Hmm, now I'm replying to myself...
I have to downgrade my initial excitement about the exceptional Lie superalgebra TOE. It seems the quark hypercharges don't work perfectly. (I applaud the author for pointing this out directly, rather than obfuscating it.) It's still a neat idea -- and I'll keep Lie superalgebras on my list of things to learn about.

11. Jan 4, 2006

akhmeteli

Could you please give the references to discussion of these differences?

12. Jan 4, 2006

Careful

Concerning the self field approach itself you might have noticed that I gave some references in the why quantize gravity ?´´ thread, post 28. Now, you should be able to find such discussions in a good book on quantum chemistry (I was informed about the procentual differences by a good quantum chemist during a conversation), probably Barut himself has written on that too but I do not know that for sure - perhaps the webpage of Dowling is a good place to start with for some material on this. If you want to, I will look it up myself, but perhaps Vanesch or ZapperZ can alleviate my task (they are more knowledgable about quantum chemistry than I am) and give a reference to a good book which discusses this.

Cheers,

Careful

13. Jan 4, 2006

akhmeteli

Thank you, I have references to Barut's theory.
Thank you again, actually you've essentially answered my question (I wanted to hear about your source). Somehow I would be very much surprised to find any :-) references to Barut's theory in books on quantum chemistry (I know, though, that Deumens wrote both on quantum chemistry and SFED, but I don't remember any numerical comparisons). Furthermore, it is my understanding that Barut e.a. claim coincidence with QED to at least first order in \alpha, so differences may occur in the second order in \alpha, that would be much less than 5%? On the other hand, one may ask: 5 percent of what?
As for Dowling, he wrote (Found. Phys., 28, 855 (1990) (http://baton.phys.lsu.edu/~jdowling/Dowling98c.pdf): "there is some debate on whether the quantum version of the Barut self-field approach to QED is equivalent to the traditional second-quantized formalism." So at least in 1998 he was not even sure there were any differences at all.

14. Jan 5, 2006

Careful

** Somehow I would be very much surprised to find any :-) references to Barut's theory in books on quantum chemistry (I know, though, that Deumens wrote both on quantum chemistry and SFED, but I don't remember any numerical comparisons). **

Ah, so thank you.

**
Furthermore, it is my understanding that Barut e.a. claim coincidence with QED to at least first order in \alpha, so differences may occur in the second order in \alpha, that would be much less than 5%?
On the other hand, one may ask: 5 percent of what? **

I mean : five percent of known extensive quantities (such as energies of bound states and so on ). **

As for Dowling, he wrote (Found. Phys., 28, 855 (1990) (http://baton.phys.lsu.edu/~jdowling/Dowling98c.pdf): "there is some debate on whether the quantum version of the Barut self-field approach to QED is equivalent to the traditional second-quantized formalism." So at least in 1998 he was not even sure there were any differences at all**

I am not interested in the quantum version, but in the classical one.

15. Jan 5, 2006

akhmeteli

Then this seems to contradict the claim of Barut e.a. I would think that first order in \alpha should give pretty good figures for energies of bound states.
Sorry for this misunderstanding: I believe that what you call "classical", he calls "quantum" in his context. You mean "classical" because it's not second-quantised, and he calls it "quantum" because matter is first-quantised (as, say, the Dirac equation is used, rather than, say, relativistic Newton equations).

16. Jan 5, 2006

Careful

** Then this seems to contradict the claim of Barut e.a. I would think that first order in \alpha should give pretty good figures for energies of bound states.**

Look, I know of course why you think the approximation might be much better than 5 percent, since 1/274 is much smaller than 1/20. However, I did not want to make any further comments on this since I do not know by heart how fast the expansion series is converging. And if it is not known yet whether you might dispose all along of second quantization or not (using the Barut self field approach), is fantastic news.

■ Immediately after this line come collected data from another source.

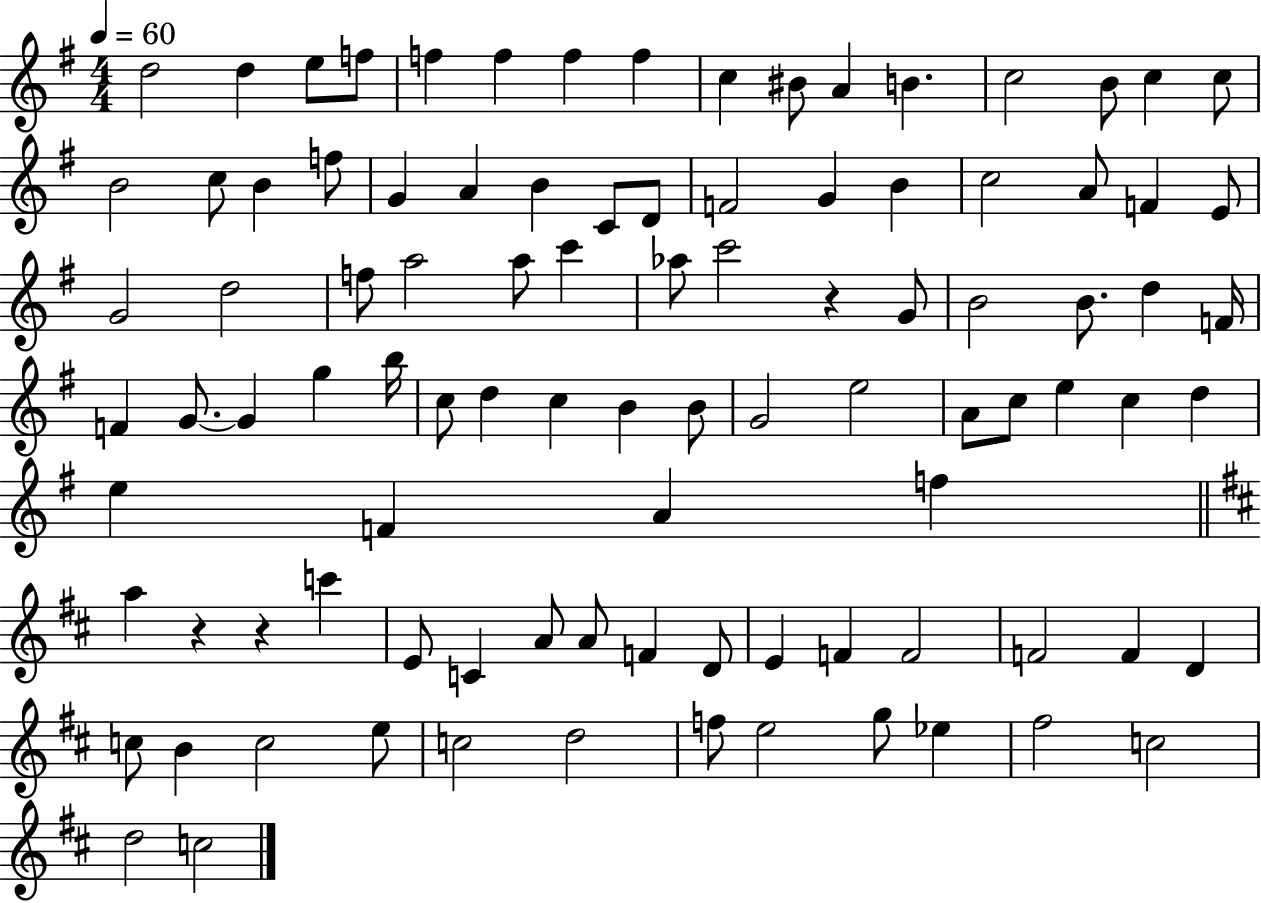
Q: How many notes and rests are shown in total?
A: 97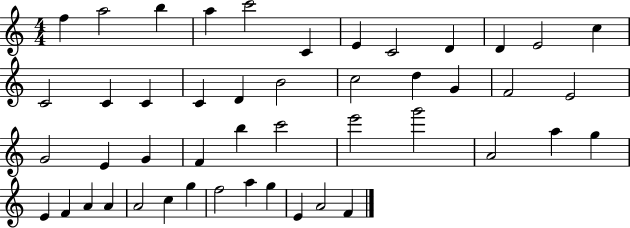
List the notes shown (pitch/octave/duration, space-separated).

F5/q A5/h B5/q A5/q C6/h C4/q E4/q C4/h D4/q D4/q E4/h C5/q C4/h C4/q C4/q C4/q D4/q B4/h C5/h D5/q G4/q F4/h E4/h G4/h E4/q G4/q F4/q B5/q C6/h E6/h G6/h A4/h A5/q G5/q E4/q F4/q A4/q A4/q A4/h C5/q G5/q F5/h A5/q G5/q E4/q A4/h F4/q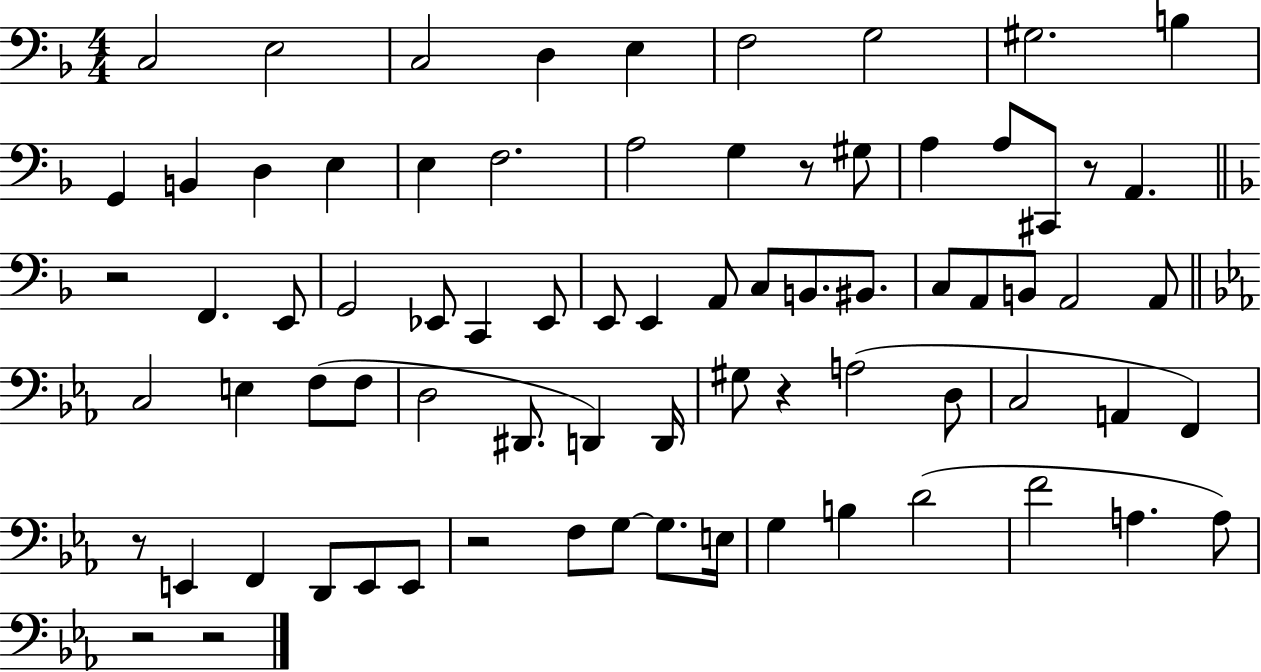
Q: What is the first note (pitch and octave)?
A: C3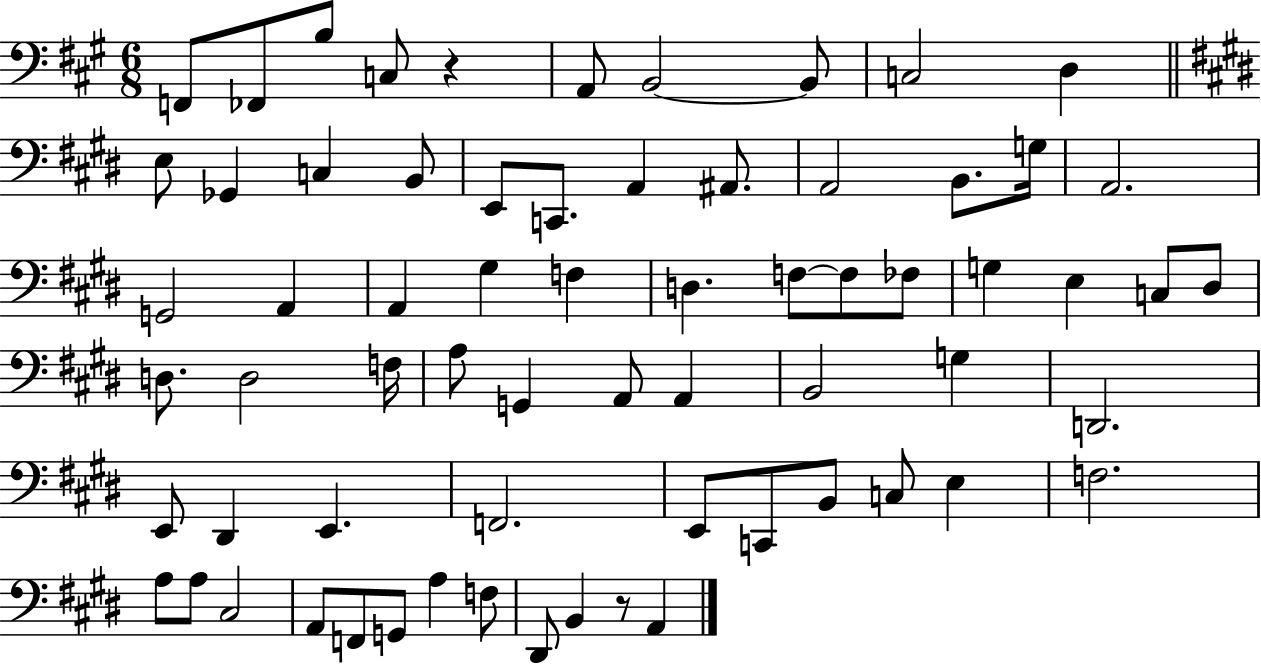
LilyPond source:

{
  \clef bass
  \numericTimeSignature
  \time 6/8
  \key a \major
  f,8 fes,8 b8 c8 r4 | a,8 b,2~~ b,8 | c2 d4 | \bar "||" \break \key e \major e8 ges,4 c4 b,8 | e,8 c,8. a,4 ais,8. | a,2 b,8. g16 | a,2. | \break g,2 a,4 | a,4 gis4 f4 | d4. f8~~ f8 fes8 | g4 e4 c8 dis8 | \break d8. d2 f16 | a8 g,4 a,8 a,4 | b,2 g4 | d,2. | \break e,8 dis,4 e,4. | f,2. | e,8 c,8 b,8 c8 e4 | f2. | \break a8 a8 cis2 | a,8 f,8 g,8 a4 f8 | dis,8 b,4 r8 a,4 | \bar "|."
}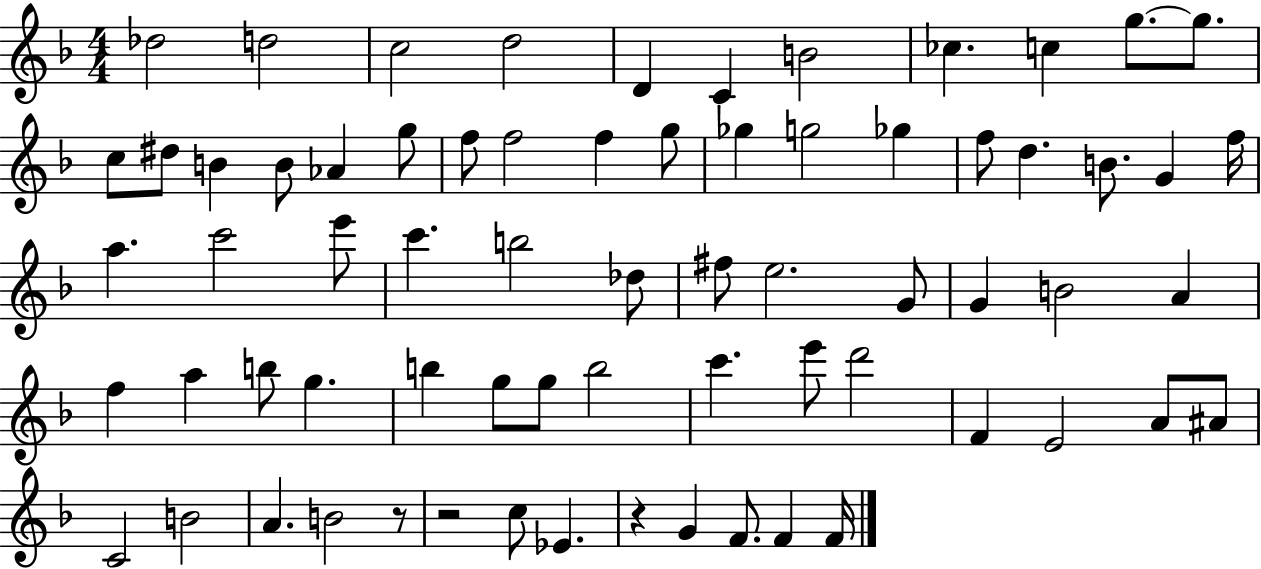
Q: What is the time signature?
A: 4/4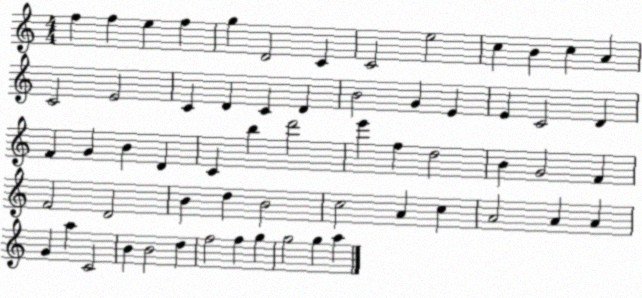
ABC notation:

X:1
T:Untitled
M:4/4
L:1/4
K:C
f f e f g D2 C C2 e2 c B c A C2 E2 C D C D B2 G E E C2 D F G B D C b d'2 e' f d2 B G2 F F2 D2 B d B2 c2 A c A2 A A G a C2 B B2 d f2 f g g2 g a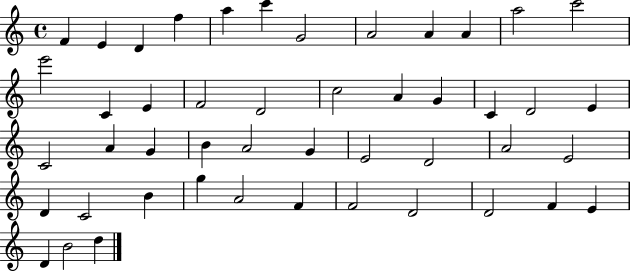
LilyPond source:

{
  \clef treble
  \time 4/4
  \defaultTimeSignature
  \key c \major
  f'4 e'4 d'4 f''4 | a''4 c'''4 g'2 | a'2 a'4 a'4 | a''2 c'''2 | \break e'''2 c'4 e'4 | f'2 d'2 | c''2 a'4 g'4 | c'4 d'2 e'4 | \break c'2 a'4 g'4 | b'4 a'2 g'4 | e'2 d'2 | a'2 e'2 | \break d'4 c'2 b'4 | g''4 a'2 f'4 | f'2 d'2 | d'2 f'4 e'4 | \break d'4 b'2 d''4 | \bar "|."
}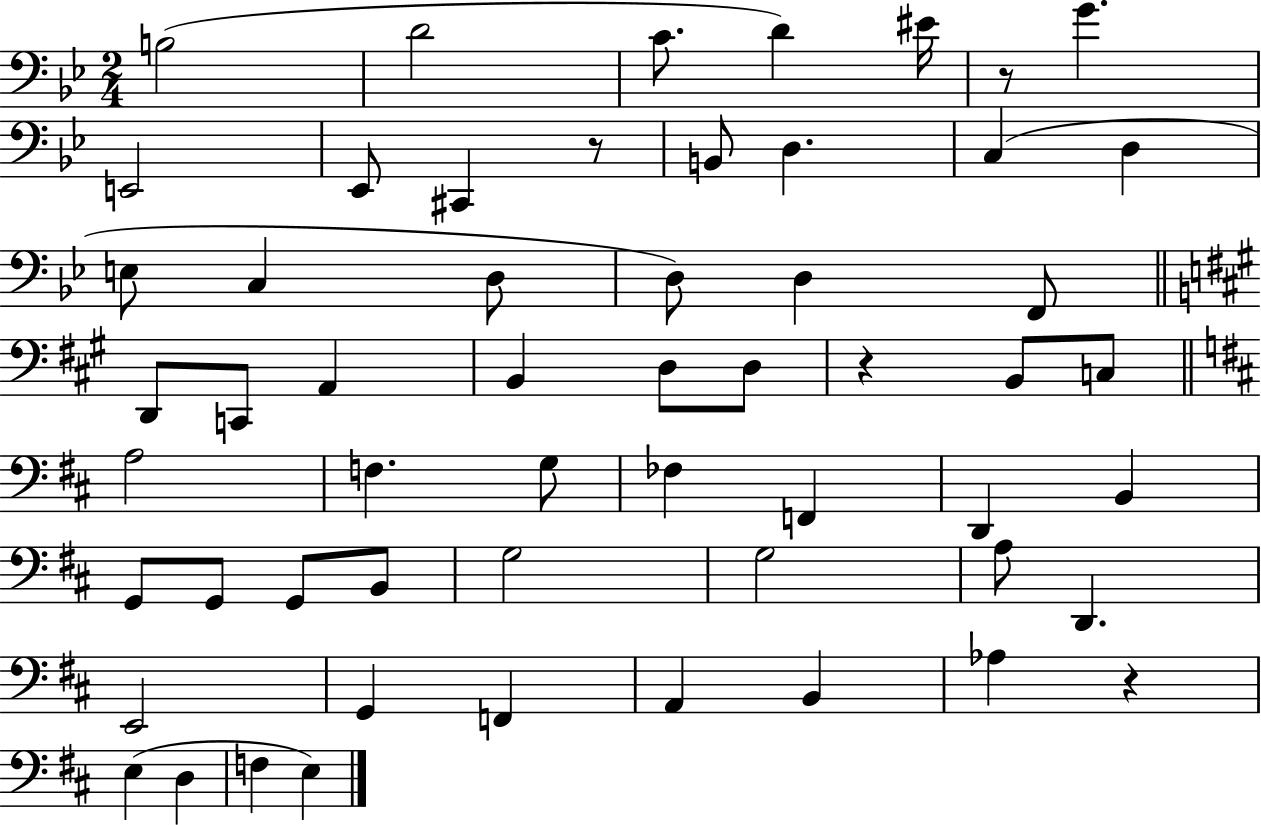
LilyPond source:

{
  \clef bass
  \numericTimeSignature
  \time 2/4
  \key bes \major
  \repeat volta 2 { b2( | d'2 | c'8. d'4) eis'16 | r8 g'4. | \break e,2 | ees,8 cis,4 r8 | b,8 d4. | c4( d4 | \break e8 c4 d8 | d8) d4 f,8 | \bar "||" \break \key a \major d,8 c,8 a,4 | b,4 d8 d8 | r4 b,8 c8 | \bar "||" \break \key b \minor a2 | f4. g8 | fes4 f,4 | d,4 b,4 | \break g,8 g,8 g,8 b,8 | g2 | g2 | a8 d,4. | \break e,2 | g,4 f,4 | a,4 b,4 | aes4 r4 | \break e4( d4 | f4 e4) | } \bar "|."
}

**Sorry for this misunderstanding: I believe that what you call "classical", he calls "quantum" in his context. You mean "classical" because it's not second-quantised, and he calls it "quantum" because matter is first-quantised (as, say, the Dirac equation is used, rather than, say, relativistic Newton equations). **

Yeh, I was confused about what you meant by this

But anyway, I regard this approach as a very useful intermediate step in deepening our understanding of QM (I would be glad to hear some thougts of you about it).

Cheers,

Careful

Last edited: Jan 5, 2006
17. Jan 5, 2006

akhmeteli

It is worse than that (or better than that, depending on the point of view :-) ) If SFED emulates QED up to the first power of \alpha (inclusive), then the discrepancy should be of the order of \alpha to the second power or less. SFED seems to describe the Lamb shift correctly, among other things, and some 60 years ago measurement of the Lamb shift became a landmark experiment, so it is much less than 5% of the energy of the bound state. Anyway, I did not intend any criticism, I am just interested in SFED and trying to understand its status - in comparison with experimental data and QED, and in perception of the physics community.
I would also welcome a success of a theory of this kind, but so far I haven't had enough time to understand SFED better.
That was not me, that was Dowling :-)
I tend to agree, but I do feel I should reserve my opinion until I understand SFED better. I started to look for something like SFED just half a year ago when I tried to understand why Coulomb interaction of electron with itself is not included in, say, Shroedinger equation, although the relevant term is definitely present in the QED Lagrangian and is not small, to put it mildly. So we first delete this term in quantum mechanics for some unfathomable reason, and then reintroduce it in QED. So the final result is correct, but the procedure is less than straightforward :-) Finally I found references to SFED and was enthusiastic about it. However, today I tend to be more cautious, as I don't understand some things about SFED. I have recently better understood criticism of SFED by Bialynicki-Birula, Phys. Rev. A 34, 3500 (1986), and two things bother me most: first, using Feynman propagator seems to mean complex electromagnetic field, and second, I cannot understand to what power in \alpha SFED and QED results coincide. nightlight wrote that at least to the fourth or fifth power (in this case they may be experimentally undistinguishable at the moment - could it be too good to be true?), but so far I have not found clear confirmation in Barut's articles. There is another thing. Both Barut and nightlight seem to lay their hopes on monopole solutions to describe free particles, and I am less than enthusiastic about that. On the other hand, in my article http://www.arxiv.org/abs/quant-ph/0509044 I consider a possibility of doing without monopoles in SFED.

18. Jan 8, 2006

Hm. This seems like I have to abandon my safe lurker status. With Careful on board, it might be worth the effort.
A Lie superalgebra is like a Lie algebra except that some commutators have been replaced by anti-commutators. This means that you insert minus signs at the right places (keeping track of the right places is a nuisance) and add the prefix "super" to every word in sight. A supersymmetry is a superalgebra with extra structure: a Poincare subalgebra which is identified physically with spacetime transformations. However, the concepts are blurred, e.g. worldsheet SUSY, but to qualify as a SUSY at least the Hamiltonian should have a fermionic square root, H = {Q,Q}. This condition leads to positive energy (since H = Q^2) and to superpartners (since the eigenstates |psi> and Q|psi> have the same energy).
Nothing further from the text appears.